BUENOS AIRES — Taking out small loans. Renegotiating salaries. Buying groceries in bulk.
The long, stubborn march of rising prices in this South American nation has inspired a range of strategies to limit the damage.
Buy enough toothpaste for the entire year? Store as many cans as the cupboard will allow? Keep the freezer crammed with meat? Buying staples in bulk here can feel like saving money. Or better than saving money, because saving money means it just sits there while its value falls.
Agustina Caparulo says filling her gas tank “almost feels like investing,” because the next time she visits the pump the price will almost certainly be higher.
Beyond the monetary cost of rising prices, analysts here say, there’s also a psychological toll: a sense of becoming uncertain about what goods and services are worth — and a fear of overspending as a result.
“There is an inflationary process brewing in the United States, albeit from low levels,” economist Marina Dal Poggetto said. “In Argentina, we come from numerous years of high inflation, which winds up twisting your mind-set.”
Guillermo Oliveto, who runs the consumption consultancy W, speaks of an “inflationary culture.”
“It provokes a permanent free-for-all feeling,” he said. “Almost everyone loses to inflation, and people are on guard all the time.”
One major tactic here is stockpiling. “To the extent that I can, I try to stash as many goods as possible,” said Ana Vienny, a 63-year-old retiree. At one point, she says, she owned 48 cans of tuna and enough vinegar bottles to cook for months. “Eventually, I had to stop buying because there was simply no more space.”
Nonperishable goods are a popular target. “Whenever I see a discount, I buy,” says Nicolás Mónaco, a 32-year-old manager. “I might have eight toothpaste pots right now,” he says. “And enough shampoo for a year and a half. As long as there is no expiration date, I just pile up.”
Taking out loans can also be helpful, provided the interest rate is lower than expected inflation.
Then there’s paying in installments. Americans are familiar with making monthly payments on homes, cars and appliances. In Argentina, installments are applied to just about everything. Sergio González, a financial analyst, bought a single jar of peanut butter last month for 300 pesos — less than $3. He arranged to pay in installments, interest-free, over the next 12 months. It will work out to a quarter a month.
“Just about anything that you get interest-free, you grab it without hesitation,” he said. “The idea is that you take advantage of inflation as it will dilute future fixed payments.”
With inflation at 1 percent per week — typically more than deposit interest rates — money that sits in the bank loses value by the day. That’s strong incentive to spend what you’ve got as soon as you get it. “It stimulates a culture of consumption because the feeling is that today’s pesos will be worth less tomorrow,” Oliveto says.
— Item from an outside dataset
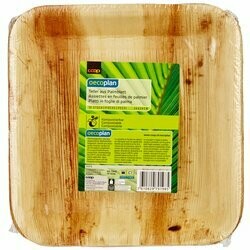 Assiettes carrées en feuilles de palmier 24cm 10 pièces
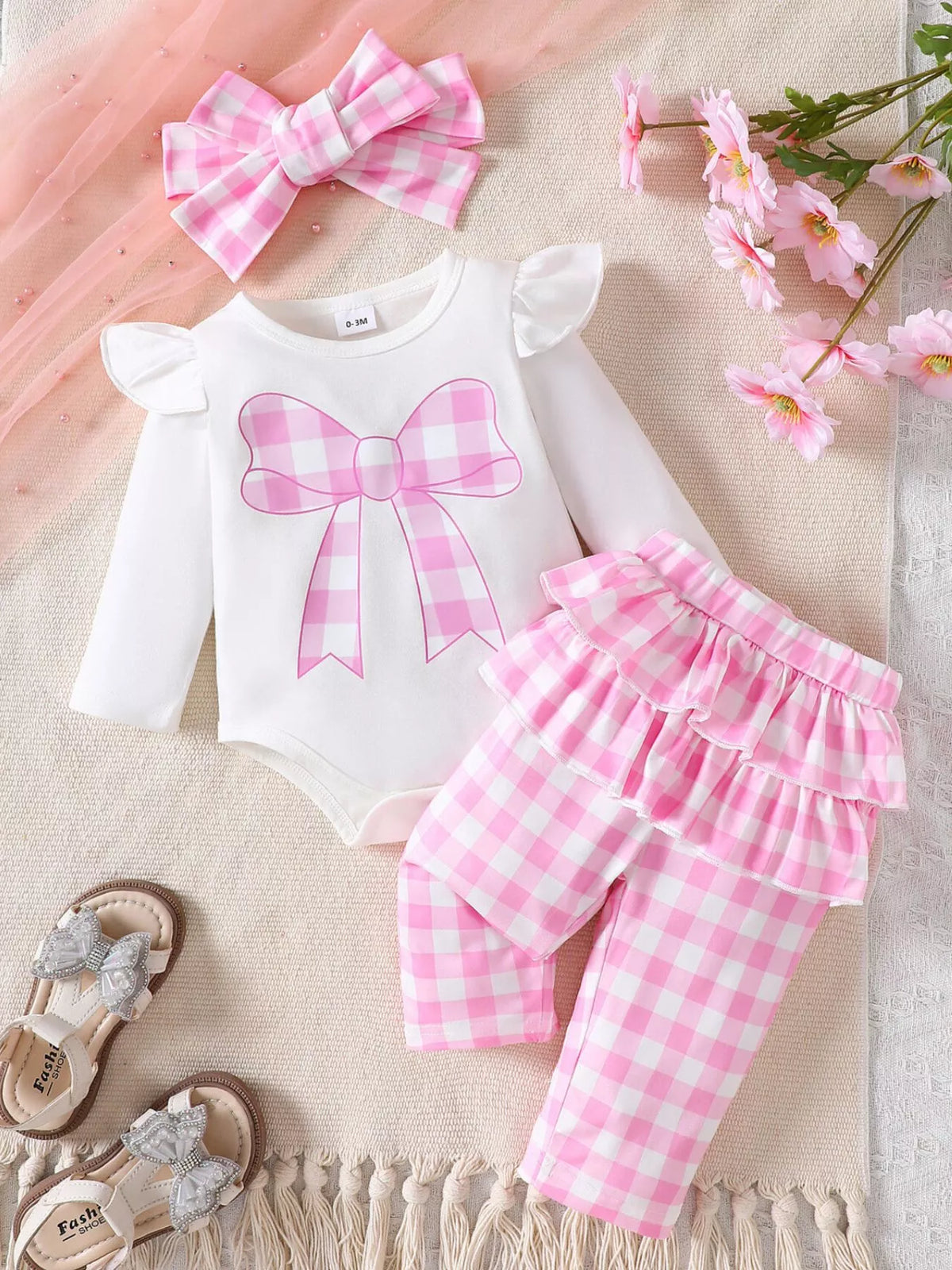 Children's Ruffled Bow Graphic Bodysuit and Pants Set with Headband - Lilixa.store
Paychecks are typically spent swiftly, or pesos exchanged to foreign currency as quickly as possible. There’s a long tradition here of purchasing U.S. dollars as a hedge.
But in a high-inflation economy, the greatest challenge might be matching income to rising prices. Some workers here renegotiate salaries quarterly — and any increase below the inflation rate is effectively a pay cut.
It’s a struggle for many in a country with a large informal economy.
“A feeling of chaos and unpredictability are at the core of what inflation creates in the mind,” said Enrique de Rosa Alabaster, a psychiatrist who studies behavioral science. “It is a phenomenon that goes far beyond economics … and inevitably turns into something emotional.”
It was not always so here.
The idea behind Todo x 2 Pesos will be familiar to Americans. Everything in the chain store sold for two pesos. It was the Argentine equivalent of Five Below.
In the late 1990s, with inflation under control, the stores proliferated. And not only on the streets of the capital but in popular culture, inspiring jokes, song lyrics, even a television show.
Then consumer prices rose, fewer products could be profitably sold for 2 pesos, and the business model collapsed. Todo x 2 Pesos stores are long extinct.
One of the longest-lasting effects of chronic high inflation is the loss of a sense of value.
“In Argentina, prices do not exist anymore,” Vienny said. That means Argentines frequently pay more for less. When customers find a product at a price they perceive as cheap, they hoard it.
Businesses also adapt to survive. Price disorder can lead to profitable commercial tactics: permanent discounts, in which stores hike prices regularly only to offer markdowns afterward.
A supermarket might offer a 40 percent discount on wine on weekends; a credit card might grant 20 percent off on clothing on Wednesdays. That leaves Argentines marking the days in the calendar by the discounts that will be available.
“Everybody hikes prices a bit because they know they can offer a discount later if they’ve gone too far,” Oliveto said. “What is the actual price today for goods in Argentina? One could argue that no one knows for sure.”
Jorge Centeno is a U.S. citizen who has lived in Argentina for almost four decades. He has learned the tactics. Whatever money he saves, he exchanges for U.S. dollars. He stockpiles as much food as the freezer allows. He exerts his energy searching for the lowest prices.
“I literally live looking for deals and discounts all the time,” he said.